Here are our considerations if the toxic cultural norms, inadequate skills and bad incentives are to be improved:-

  1. The best way to deal with poor behaviour is for the owners of the business, the shareholders, to get engaged before the event. ESG or Environmental, Social, and Governance, issues are all investment considerations, and yet we find that rarely are boards engaged by activist investors to effect change before something happens – at least not yet. Were the warning signs not there at CBA for some time as the Storm Financial scandal broke? Hindsight is a great thing but if ESG is an approach you highlight as part of your process then maybe there should have been more change required after Storm? I think the regulator might have been a little slow here too? People respond to incentives and staff are the same. Consequently shareholders should investigate management incentives and understand better the behaviours they produce. We understand it is difficult. We know some powerful UK based shareholder friends, who owned a decent slug of the Royal Bank of Scotland, and they were constantly telling the Chairman that Fred Goodwin was not a CEO who was building a sustainable and solid business. They got nowhere even though they were right. Engagement can be a thankless task but at least they tried before he blew up the bank and cost shareholders and tax payers a lot of money.
  2. It is all about culture. Make the staff targets revenue based and you will get very different behaviour from imposing a target that is client retention based – for example. This Australian banking ‘problem’ is about behaviour, business culture and the true qualifications of executives to run retail and wealth management businesses. Business culture and the true level of management experience and skill should not be a Royal Commission remit.
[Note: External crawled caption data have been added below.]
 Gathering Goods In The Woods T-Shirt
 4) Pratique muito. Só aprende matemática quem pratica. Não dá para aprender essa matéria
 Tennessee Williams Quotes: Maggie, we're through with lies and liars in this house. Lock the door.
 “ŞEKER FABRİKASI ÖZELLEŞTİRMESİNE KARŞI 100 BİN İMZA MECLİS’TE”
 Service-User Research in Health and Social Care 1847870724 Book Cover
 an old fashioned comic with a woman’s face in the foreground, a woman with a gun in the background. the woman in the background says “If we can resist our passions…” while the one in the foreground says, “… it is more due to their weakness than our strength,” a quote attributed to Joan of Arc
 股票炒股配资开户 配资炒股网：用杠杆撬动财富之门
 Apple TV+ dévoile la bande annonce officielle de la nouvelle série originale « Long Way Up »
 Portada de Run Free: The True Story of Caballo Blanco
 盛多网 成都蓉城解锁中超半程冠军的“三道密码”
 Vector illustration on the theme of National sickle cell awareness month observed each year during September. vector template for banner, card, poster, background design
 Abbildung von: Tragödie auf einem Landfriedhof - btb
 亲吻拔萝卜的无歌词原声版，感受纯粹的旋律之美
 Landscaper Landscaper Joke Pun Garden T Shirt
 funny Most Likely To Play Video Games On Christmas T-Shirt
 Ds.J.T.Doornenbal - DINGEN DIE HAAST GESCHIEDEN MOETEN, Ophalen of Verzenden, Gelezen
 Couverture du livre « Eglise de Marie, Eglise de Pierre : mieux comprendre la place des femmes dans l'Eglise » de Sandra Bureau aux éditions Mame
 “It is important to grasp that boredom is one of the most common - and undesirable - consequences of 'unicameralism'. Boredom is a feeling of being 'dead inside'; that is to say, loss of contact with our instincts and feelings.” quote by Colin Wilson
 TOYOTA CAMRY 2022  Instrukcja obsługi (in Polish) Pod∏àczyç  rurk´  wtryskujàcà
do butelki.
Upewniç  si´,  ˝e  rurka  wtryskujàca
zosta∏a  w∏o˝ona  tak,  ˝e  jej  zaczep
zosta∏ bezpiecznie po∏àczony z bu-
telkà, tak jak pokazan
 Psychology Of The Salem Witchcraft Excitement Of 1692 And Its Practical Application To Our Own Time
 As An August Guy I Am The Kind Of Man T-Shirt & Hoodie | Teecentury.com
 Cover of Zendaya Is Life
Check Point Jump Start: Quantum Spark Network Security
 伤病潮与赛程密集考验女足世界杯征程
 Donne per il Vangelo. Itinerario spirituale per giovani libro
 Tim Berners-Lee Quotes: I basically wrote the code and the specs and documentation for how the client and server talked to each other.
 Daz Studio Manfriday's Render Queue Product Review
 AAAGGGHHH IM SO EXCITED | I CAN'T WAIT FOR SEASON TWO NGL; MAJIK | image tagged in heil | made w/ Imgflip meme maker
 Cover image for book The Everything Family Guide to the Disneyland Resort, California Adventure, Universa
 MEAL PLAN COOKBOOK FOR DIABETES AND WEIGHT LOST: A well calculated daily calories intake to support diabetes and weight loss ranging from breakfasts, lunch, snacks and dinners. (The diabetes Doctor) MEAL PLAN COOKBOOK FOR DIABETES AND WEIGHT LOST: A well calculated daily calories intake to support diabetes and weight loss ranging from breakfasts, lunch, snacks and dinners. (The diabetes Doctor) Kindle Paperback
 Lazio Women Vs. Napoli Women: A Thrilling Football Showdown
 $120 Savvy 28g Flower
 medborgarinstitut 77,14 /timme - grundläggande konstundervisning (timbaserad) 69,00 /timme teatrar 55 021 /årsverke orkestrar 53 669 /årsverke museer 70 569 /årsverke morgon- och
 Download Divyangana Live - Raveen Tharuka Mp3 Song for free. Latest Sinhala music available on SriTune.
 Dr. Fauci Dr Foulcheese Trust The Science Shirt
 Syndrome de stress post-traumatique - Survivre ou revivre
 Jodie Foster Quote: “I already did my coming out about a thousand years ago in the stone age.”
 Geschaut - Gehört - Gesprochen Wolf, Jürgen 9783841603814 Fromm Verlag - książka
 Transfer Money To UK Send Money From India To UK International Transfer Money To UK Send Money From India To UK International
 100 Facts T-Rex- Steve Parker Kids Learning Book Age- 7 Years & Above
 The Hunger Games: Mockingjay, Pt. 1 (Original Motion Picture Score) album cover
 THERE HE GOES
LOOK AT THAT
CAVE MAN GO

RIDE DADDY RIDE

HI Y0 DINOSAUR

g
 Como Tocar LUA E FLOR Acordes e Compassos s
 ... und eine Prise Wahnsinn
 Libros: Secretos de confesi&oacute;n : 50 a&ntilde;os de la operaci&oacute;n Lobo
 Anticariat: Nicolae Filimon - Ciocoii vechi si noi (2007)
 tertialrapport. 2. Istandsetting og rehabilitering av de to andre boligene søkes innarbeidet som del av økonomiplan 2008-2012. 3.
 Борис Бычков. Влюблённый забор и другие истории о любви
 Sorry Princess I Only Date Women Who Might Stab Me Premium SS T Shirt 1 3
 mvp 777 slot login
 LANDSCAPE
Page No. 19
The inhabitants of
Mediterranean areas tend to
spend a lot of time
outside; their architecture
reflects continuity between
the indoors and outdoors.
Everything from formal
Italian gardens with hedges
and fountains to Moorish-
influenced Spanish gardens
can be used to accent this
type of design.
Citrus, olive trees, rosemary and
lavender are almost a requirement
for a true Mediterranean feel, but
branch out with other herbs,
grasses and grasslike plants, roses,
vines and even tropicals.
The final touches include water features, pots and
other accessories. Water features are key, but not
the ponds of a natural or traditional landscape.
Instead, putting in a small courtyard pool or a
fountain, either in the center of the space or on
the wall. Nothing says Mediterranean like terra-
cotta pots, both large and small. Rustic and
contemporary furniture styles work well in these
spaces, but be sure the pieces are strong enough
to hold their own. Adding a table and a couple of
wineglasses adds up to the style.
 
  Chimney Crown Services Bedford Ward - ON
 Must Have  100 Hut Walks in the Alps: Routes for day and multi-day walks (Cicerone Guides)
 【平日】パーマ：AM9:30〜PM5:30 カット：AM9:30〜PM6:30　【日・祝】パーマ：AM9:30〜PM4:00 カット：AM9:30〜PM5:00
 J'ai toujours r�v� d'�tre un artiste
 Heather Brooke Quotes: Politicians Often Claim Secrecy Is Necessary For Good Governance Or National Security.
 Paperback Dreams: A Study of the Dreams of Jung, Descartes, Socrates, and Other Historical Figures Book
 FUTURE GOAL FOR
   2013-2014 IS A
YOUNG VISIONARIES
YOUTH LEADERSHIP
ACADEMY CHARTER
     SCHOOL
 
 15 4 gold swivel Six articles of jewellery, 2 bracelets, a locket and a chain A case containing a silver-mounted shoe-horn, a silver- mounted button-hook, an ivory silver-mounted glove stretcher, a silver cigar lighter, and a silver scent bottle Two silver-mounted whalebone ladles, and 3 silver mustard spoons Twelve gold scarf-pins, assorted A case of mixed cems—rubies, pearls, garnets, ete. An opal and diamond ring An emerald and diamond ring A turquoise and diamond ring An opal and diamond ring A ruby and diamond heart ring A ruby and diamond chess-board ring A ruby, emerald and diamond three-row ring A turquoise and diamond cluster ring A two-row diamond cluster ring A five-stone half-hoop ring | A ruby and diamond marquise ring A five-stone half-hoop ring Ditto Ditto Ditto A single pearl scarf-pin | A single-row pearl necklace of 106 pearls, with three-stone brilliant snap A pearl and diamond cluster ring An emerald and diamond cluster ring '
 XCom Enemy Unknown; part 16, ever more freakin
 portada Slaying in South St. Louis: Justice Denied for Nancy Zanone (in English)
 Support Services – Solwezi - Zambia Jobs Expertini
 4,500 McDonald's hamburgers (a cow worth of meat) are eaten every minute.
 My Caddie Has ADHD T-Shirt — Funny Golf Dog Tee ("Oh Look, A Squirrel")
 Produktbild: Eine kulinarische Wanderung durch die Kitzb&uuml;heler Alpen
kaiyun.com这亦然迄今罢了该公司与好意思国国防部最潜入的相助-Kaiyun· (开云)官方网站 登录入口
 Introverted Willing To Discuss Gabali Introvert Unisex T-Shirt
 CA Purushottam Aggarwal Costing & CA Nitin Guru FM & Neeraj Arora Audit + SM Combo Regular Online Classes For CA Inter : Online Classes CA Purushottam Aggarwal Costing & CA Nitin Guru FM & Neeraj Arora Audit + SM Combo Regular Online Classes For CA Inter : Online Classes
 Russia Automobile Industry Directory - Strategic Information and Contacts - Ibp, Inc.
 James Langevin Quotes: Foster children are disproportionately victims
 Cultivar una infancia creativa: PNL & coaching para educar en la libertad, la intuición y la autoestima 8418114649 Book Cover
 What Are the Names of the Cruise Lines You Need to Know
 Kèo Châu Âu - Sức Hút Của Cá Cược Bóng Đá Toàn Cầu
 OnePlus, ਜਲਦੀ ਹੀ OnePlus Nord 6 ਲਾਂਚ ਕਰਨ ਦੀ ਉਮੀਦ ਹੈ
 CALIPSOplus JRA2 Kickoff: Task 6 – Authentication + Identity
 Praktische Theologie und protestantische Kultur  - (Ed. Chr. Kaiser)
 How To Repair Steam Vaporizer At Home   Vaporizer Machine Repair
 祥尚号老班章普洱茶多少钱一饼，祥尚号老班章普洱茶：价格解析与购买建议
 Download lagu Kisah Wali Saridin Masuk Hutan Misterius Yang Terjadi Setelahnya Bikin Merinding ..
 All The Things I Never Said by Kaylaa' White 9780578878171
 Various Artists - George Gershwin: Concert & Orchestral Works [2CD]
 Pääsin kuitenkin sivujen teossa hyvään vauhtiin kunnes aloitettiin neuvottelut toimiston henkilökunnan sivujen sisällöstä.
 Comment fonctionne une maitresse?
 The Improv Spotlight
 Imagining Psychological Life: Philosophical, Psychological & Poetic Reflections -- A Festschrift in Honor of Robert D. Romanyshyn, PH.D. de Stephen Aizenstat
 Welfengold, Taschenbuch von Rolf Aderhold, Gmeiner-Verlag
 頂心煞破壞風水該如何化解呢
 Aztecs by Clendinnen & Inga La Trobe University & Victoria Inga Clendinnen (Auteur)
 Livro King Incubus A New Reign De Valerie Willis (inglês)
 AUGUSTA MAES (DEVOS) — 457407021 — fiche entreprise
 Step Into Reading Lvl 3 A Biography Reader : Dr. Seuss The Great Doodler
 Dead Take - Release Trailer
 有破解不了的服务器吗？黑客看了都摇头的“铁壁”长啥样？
  3. Shareholders find it hard to vote with their feet if the company is too powerful and too large in their benchmark. Not owning CBA when it comprises over 10% of your benchmark assigned by the pension consultant is a tough and risky call to make for any fund manager. “Small is beautiful” in that the shareholders can afford to disinvest from a company they believe has a toxic culture and / or is a bad business.  We think that government should use the Royal Commission to investigate breaking up the banks; and that more funds here should invest internationally using a global equity index which acknowledges the plentiful supply of well run banks offshore. This would make Australian banks less influential.
  4. In an age of Fintech it is not clear that reducing the size and scope of the banks would raise the cost of borrowing in the economy – a claim you can be sure the banks will make if it ever is threatened!  In short it may be a good thing to reduce the grip of the banks, but their written request was to “restore faith in the financial system”, not investigate and change the system!
  5. This will be embarrassing for and potentially emasculate, the financial regulators. Or they could come back “badder and bolder” and heap a whole load more regulation and pointless oversight onto listed companies. We don’t know but as ever more regulations don’t appear to change behaviours. Someone somewhere is always breaking the law. If you make more laws, more laws will be broken. It’s not about the number of laws but the principles and ethics in which the business is immersed; and then how you respond IF you do break a law. Again we don’t see how a Royal Commission can help with ameliorating poor behaviour.

Our response in conclusion? Prepare for a year of revelations and rumours and heightened volatility in Australian banks. Look elsewhere, especially internationally, for diversification.